These matcha chocolate chip cookies are chewy and soft at the center and slightly crunchy towards the edges. Just the way they should be! The delicious white chocolate chips and the exotic flavor of matcha make them so desirable. And yes, this matcha cookie recipe is egg free like every other recipe on the blog.
Jump to:
- 🥖 Why will you love this matcha cookies recipe?
- 🍶 Ingredients for making chewy matcha cookies
- 🍪 How to make the best matcha cookies?
- 🫙Storage Instructions
- 💭 Pro Tips
- ❓Frequently Asked Questions
- More egg-free dessert recipes
- 📝 Recipe card for the matcha Cookies
- Matcha Cookies with White Chocolate Chips ( eggless)
- 📋 Nutrition Facts
🥖 Why will you love this matcha cookies recipe?
- Matcha.

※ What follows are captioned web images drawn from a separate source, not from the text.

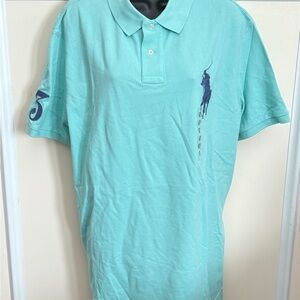 Men's Aqua Polo Shirt XXL NWT
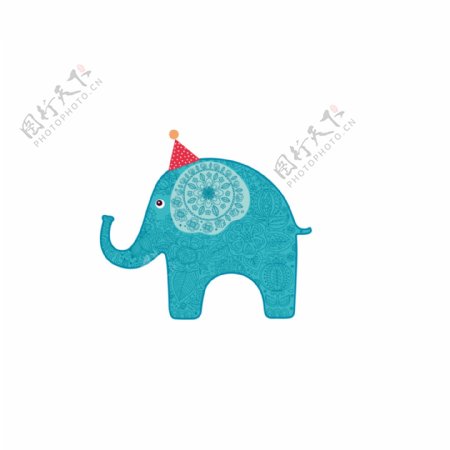 简约时尚创意文艺卡通手绘蓝色的大象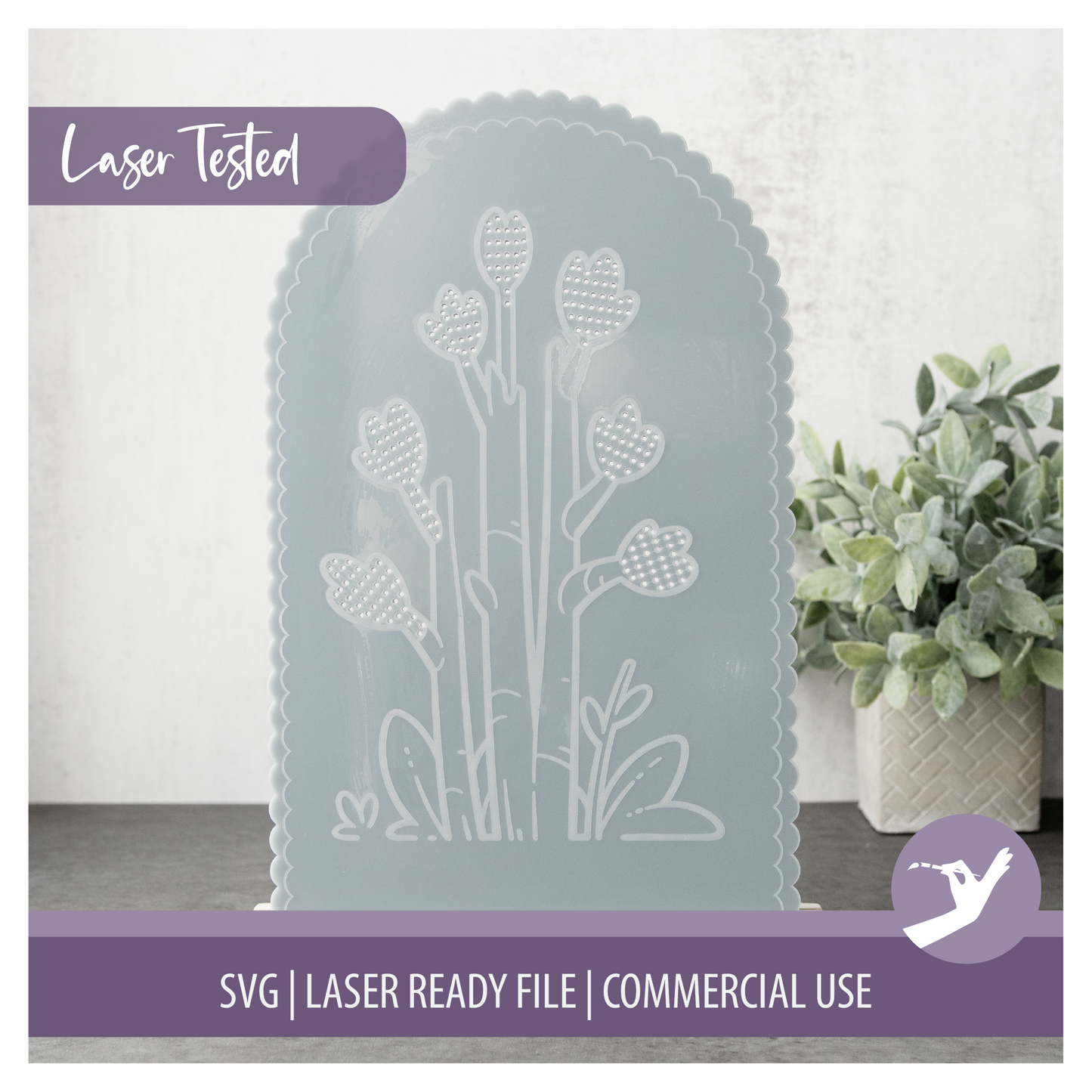 Acrylic Embroidery SVG | Scalloped Arch Floral Tulip | Laser Ready | Instant Download | Designed Thoughtfully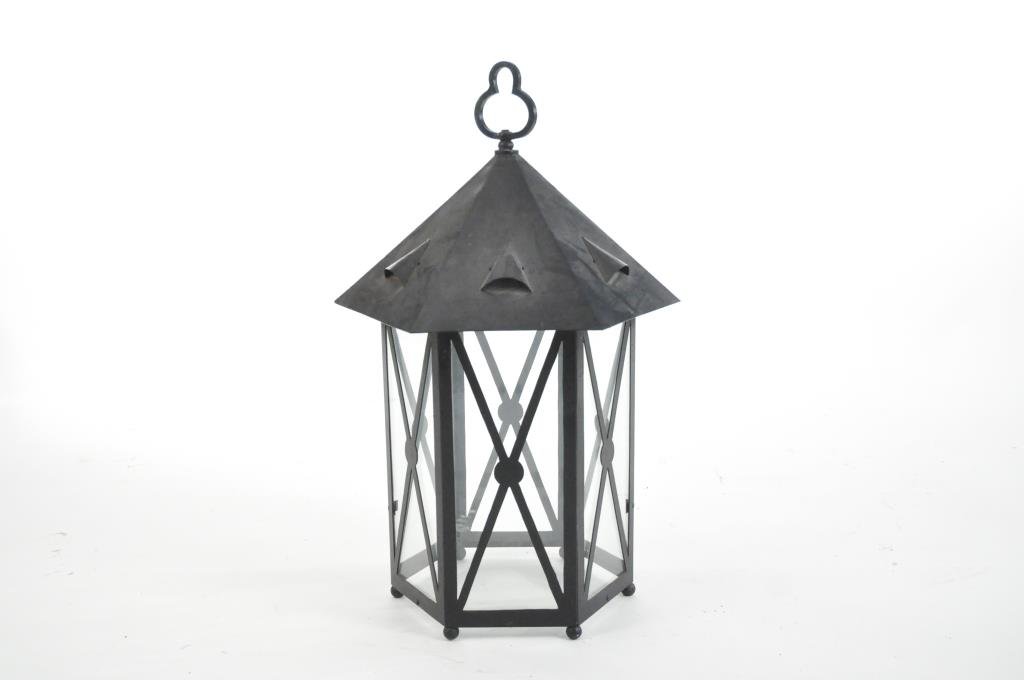 FRENCH LOUIS XVI TOLE PAINTED LANTERN: Iron Dimensions: H 26" x W 16" Condition: Good, chips to paint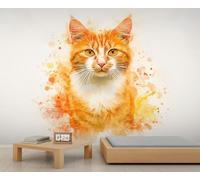 HYGIUID Papier peint mural avec chats noirs - Portraits d'animaux - Papier peint géant 3D à l'échelle commerciale pour café, salon, galerie (non autocollant)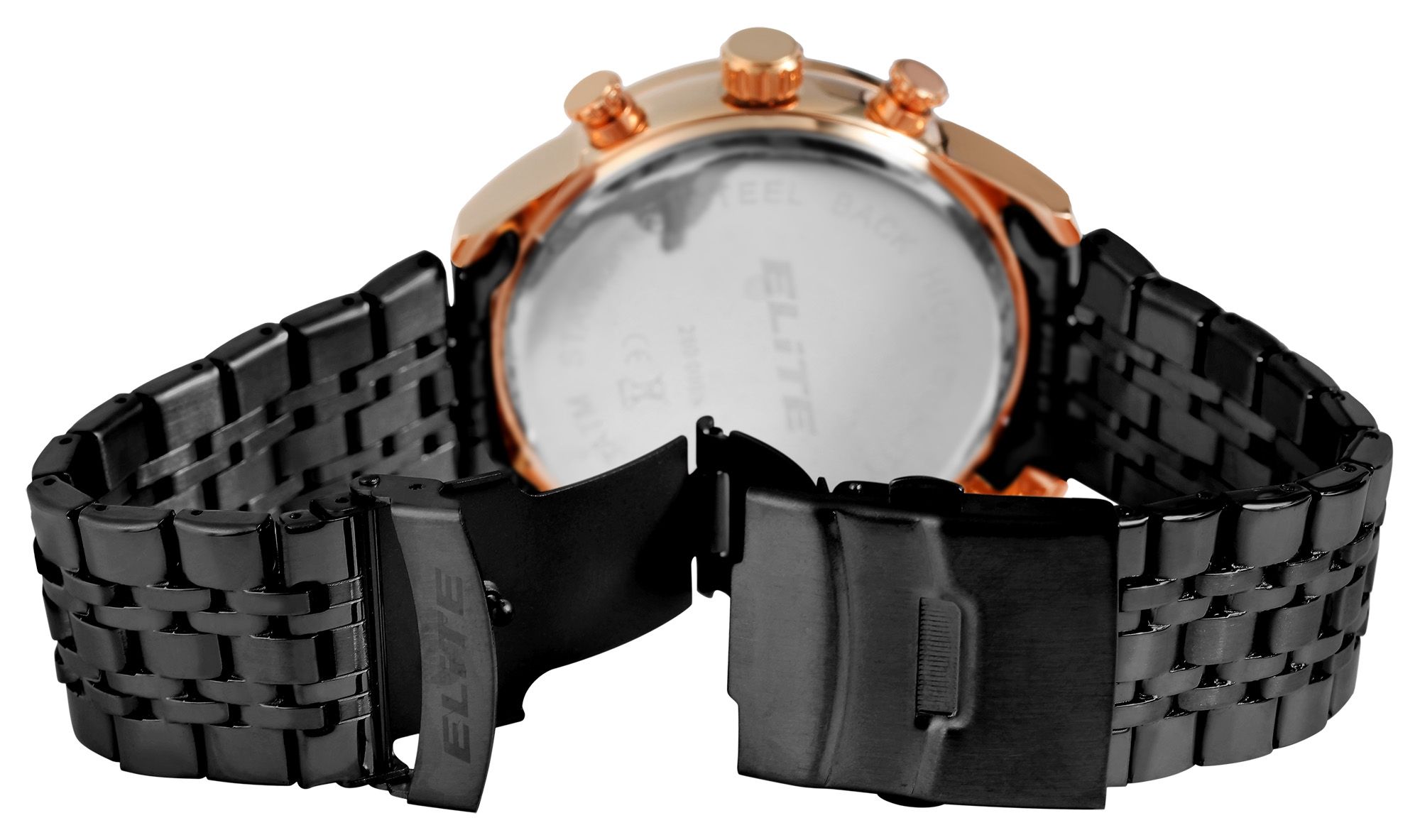 ELITE Herrenchronograph mit Edelstahlarmband, schwarz/roségoldfarben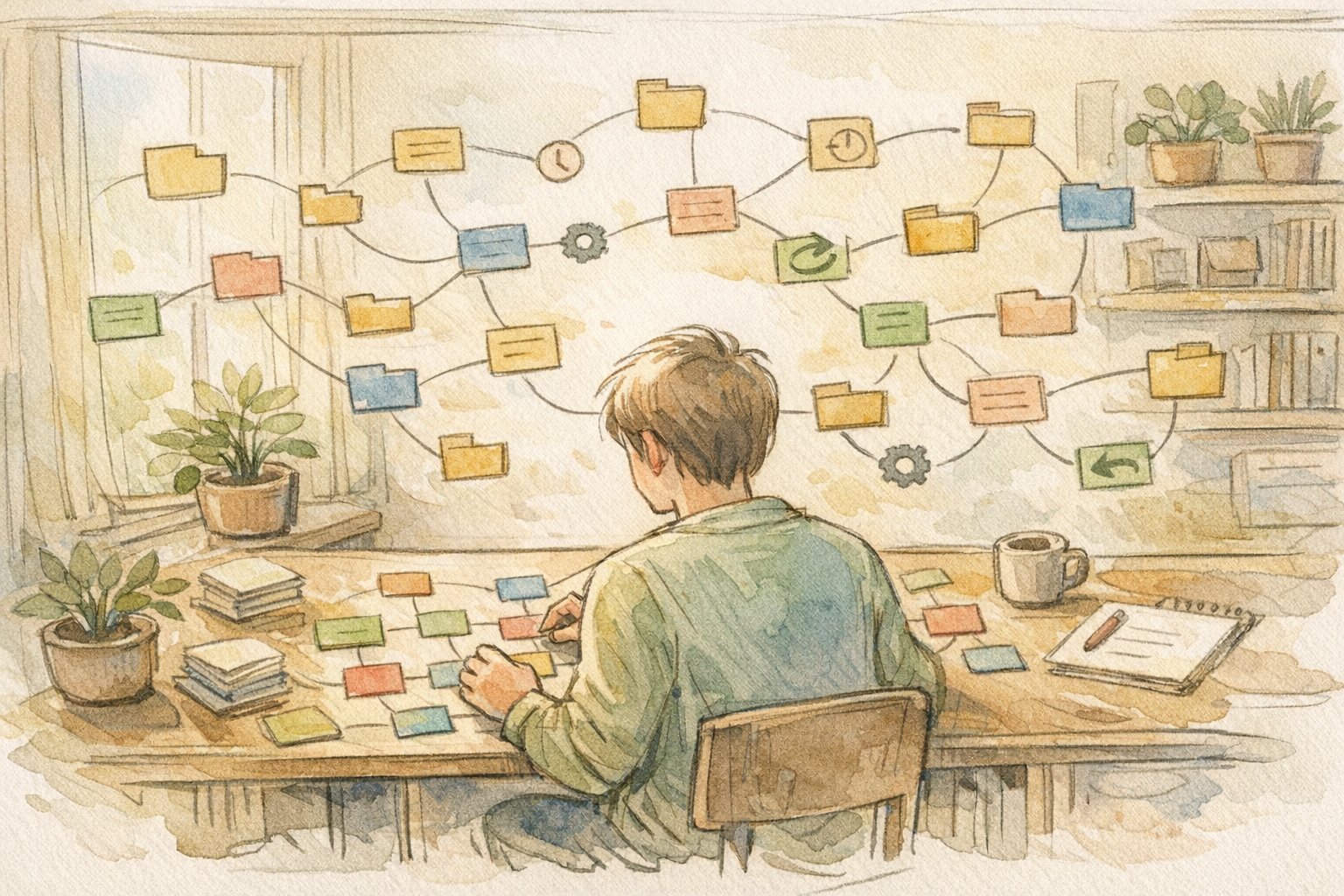 WordPress 短縮URL 作成の運用ルールやリンク設計を整理するデスクワークのイラスト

If you are into matcha flavor, you are going to love these matcha chocolate chip cookies. You get the health benefits of matcha in a delightful treat.
- Chewy cookies. These are chewy cookies. If that is your style, don’t hesitate to try these on.
- Crunch towards the edge. These cookies are chewy at the center but have a good crunch towards the edges.
- Eggless. These cookies are egg free. So, if you or anyone in the family is struggling with egg allergy. This blog is tailored for you. All recipes that I share here are egg-free baking.
- Fresh homemade. Nothing beat the aroma and flavor of the freshly homemade cookies.
- Approachable and easy. This is an easy-to-follow recipe and the ingredients required for making these matcha white chocolate cookies might already be sitting in your pantry.
🍶 Ingredients for making chewy matcha cookies
Flour
We need all-purpose flour for making this matcha cookies recipe. You can simply replace it with whole wheat flour if you want to make them fiber rich.
Never use bread flour for making cookies. Pastry flour makes great cookies. So, if have pastry four use it. Try to use unbleached and organic flour.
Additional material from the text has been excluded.